Ce serait certes à pisser de rire, n'y eût-il tant de larmes amères — de pétards qu'ornent fentes ? — à ravaler.
La vieille antienne de la chasse à l'homme se calque désormais sur les exigences nazies d'autodafé de l'art dégénéré.
Polanski a réalisé nombre de chefs d'œuvre cinématographiques (Cul-de-sac, Le couteau dans l'eau, Répulsion, Le locataire, Le bal des vampires, Chinatown, etc.) mais il s'est conduit en immonde salopard après l'assassinat se son épouse, Sharon Tate, par Charles Manson : il a violé une gamine de treize ans — Samantha Gailey — qu'il avait droguée dans ce but.
Après avoir dédommagé la famille de sa victime pour échapper aux poursuites judiciaires, il est retourné tranquillou poursuivre son œuvre de cinéaste, réalisant notamment un bijou intitulé Tess.
Au début du XXIe siècle, peu après l'incrimination de Harvey Weinstein et le déploiement de la salubre vague #MeToo, le boomerang de son viol lui est revenu en pleine tronche et le gars s'est retrouvé cramé, mort à jamais, on lui crache dessus de partout dans les festivals du monde entier.
Mais nul.le n'a cependant jeté pour autant ses films aux orties (même s'il a commis pas mal de bouses à partir de Pirates !) : c'est l'homme qui est jugé infâme, pas son œuvre.
Louis-Ferdinand Céline, génie incontestable de la littérature du XXe siècle, a chafouinement dénoncé dans une lettre à Je suis partout Robert Desnos comme Juif et exigé sa déportation, et Desnos est ensuite mort de cette déportation mais cela n'a pas empêché Céline d'écrire, lors des tracas que lui ont valu à la Libération ses pamphlets antisémites : « Il n’y a jamais eu de persécutions juives en France.

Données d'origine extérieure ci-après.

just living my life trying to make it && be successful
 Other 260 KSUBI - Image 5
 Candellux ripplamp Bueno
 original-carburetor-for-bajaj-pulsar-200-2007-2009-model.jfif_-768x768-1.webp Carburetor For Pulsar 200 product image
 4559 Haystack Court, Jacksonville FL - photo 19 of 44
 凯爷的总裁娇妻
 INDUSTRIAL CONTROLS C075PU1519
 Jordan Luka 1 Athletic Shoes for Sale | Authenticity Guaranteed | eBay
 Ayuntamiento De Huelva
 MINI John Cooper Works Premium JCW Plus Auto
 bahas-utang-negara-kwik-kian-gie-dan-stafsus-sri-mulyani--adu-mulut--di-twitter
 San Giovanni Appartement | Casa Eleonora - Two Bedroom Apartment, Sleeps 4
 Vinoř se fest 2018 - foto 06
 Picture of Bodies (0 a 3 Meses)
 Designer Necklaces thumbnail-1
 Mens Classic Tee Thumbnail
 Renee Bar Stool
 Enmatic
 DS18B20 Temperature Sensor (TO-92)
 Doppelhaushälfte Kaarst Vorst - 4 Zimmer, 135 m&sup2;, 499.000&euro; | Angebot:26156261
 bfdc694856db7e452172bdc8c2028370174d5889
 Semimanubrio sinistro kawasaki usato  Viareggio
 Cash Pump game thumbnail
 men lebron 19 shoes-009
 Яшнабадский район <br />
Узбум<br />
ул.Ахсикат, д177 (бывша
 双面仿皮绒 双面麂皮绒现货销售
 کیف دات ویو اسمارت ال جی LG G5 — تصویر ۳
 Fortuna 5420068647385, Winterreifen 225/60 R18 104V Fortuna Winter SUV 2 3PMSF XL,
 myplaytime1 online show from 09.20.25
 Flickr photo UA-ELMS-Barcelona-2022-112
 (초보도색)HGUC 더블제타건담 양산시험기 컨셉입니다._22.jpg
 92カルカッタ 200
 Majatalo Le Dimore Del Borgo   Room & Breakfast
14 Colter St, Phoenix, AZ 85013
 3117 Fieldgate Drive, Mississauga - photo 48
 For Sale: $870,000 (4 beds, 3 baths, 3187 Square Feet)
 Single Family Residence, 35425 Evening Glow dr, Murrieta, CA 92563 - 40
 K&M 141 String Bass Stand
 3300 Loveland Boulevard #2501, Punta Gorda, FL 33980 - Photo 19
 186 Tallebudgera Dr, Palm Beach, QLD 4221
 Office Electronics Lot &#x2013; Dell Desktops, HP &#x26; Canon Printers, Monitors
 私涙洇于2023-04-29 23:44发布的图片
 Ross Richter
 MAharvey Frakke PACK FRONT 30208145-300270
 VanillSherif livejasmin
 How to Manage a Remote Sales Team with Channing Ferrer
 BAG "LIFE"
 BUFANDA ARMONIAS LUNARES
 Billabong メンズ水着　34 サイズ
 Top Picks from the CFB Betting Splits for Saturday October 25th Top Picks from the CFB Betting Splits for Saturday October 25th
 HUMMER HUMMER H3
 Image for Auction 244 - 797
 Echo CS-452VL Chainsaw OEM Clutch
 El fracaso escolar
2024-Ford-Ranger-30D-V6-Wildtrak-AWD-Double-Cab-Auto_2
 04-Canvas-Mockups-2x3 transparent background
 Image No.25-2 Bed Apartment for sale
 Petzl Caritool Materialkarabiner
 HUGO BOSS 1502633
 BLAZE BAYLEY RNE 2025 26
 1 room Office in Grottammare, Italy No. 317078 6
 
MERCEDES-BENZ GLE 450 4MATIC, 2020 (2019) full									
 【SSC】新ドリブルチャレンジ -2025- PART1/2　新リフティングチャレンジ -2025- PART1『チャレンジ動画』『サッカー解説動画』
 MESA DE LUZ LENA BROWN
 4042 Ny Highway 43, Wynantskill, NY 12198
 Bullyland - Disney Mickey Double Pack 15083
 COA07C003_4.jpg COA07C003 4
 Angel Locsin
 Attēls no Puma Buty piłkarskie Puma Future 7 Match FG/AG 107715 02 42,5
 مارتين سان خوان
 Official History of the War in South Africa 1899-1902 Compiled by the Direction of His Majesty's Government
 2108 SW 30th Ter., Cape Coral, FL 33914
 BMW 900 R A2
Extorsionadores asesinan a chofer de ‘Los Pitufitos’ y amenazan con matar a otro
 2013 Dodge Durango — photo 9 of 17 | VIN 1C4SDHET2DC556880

Ils ont toujours été parfaitement libres de leurs personnes et de leurs biens en zone de Vichy. – En zone Nord ils ont reçu pendant quelques mois une petite étoile (quelle gloire !) Et l’on n'a confisqué que quelques biens juifs (avec mille chichis !) Que l’on leur a rendus depuis lors et comment ! dix fois la mise ! »
L'affaire est entendue : Céline est une infecte raclure antisémite mais son œuvre littéraire (hormis les pamphlets, ça va de soi) relève du Panthéon.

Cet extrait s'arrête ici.